Die „4 Säulen“ des Selbstwerts

Dieses Modell (siehe Abbildung) zeigt vier wichtige Bereiche des Selbstwertes, auch „vier Säulen“ genannt. Die erste Säule ist die Selbstakzeptanz, sie beinhaltet Achtung, Selbstliebe und Wertschätzung der eigenen Person unabhängig von Leistungen, Fähigkeiten und sozialen Erfolgen, also auch die Akzeptanz von negativen Aspekten des Selbst. Die Säule des Selbstvertrauens beinhaltet eine positive Einstellung zu den eigenen Fähigkeiten und Leistungen, wozu auch das Durchhaltevermögen und das Von-etwas-ablassen-können gehört, also das Kennen der eigenen Grenzen. Die soziale Kompetenz beinhaltet das Erleben von Kontaktfähigkeit zu anderen Menschen, sich auch schwierigen sozialen Situationen gewachsen fühlen. Das soziale Netz beschreibt das Eingebunden-Sein in positive soziale Beziehungen. Alle gemeinsam bilden den Selbstwert, also den Wert, den eine Person sich selbst gegenüber empfindet.

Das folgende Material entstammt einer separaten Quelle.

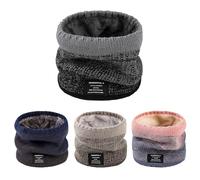 Fjquamitix Scaldacollo invernale in pile per uomo e donna, sciarpa termica lavorata a maglia, antivento, spessa fodera per il collo, per ciclismo, sci, moto e sport all'aria aperta, grigio, 24cm x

Nach Friederike Potreck-Rose/Gitta Jacob: Selbstzuwendung, Selbstakzeptanz, Selbstvertrauen. Psychotherapeutische Interventionen zum Aufbau von Selbstwertgefühl, 4. Aufl. 2007 (Klett-Cotta Verlag)

Für jeden Menschen sieht eine solche Selbstwert-Konstruktion anders aus, die individuelle Gewichtung der einzelnen Bereiche wird hier durch die unterschiedliche Dicke der Säulen symbolisiert.
Ist einer der vier Bereiche geschwächt oder weniger gut ausgebildet, wird der Selbstwert destabilisiert oder er gerät „ins Wanken“. Die obige Abbildung soll hier ein anschauliches Beispiel für eine mögliche Beeinträchtigung des Selbstwerts darstellen.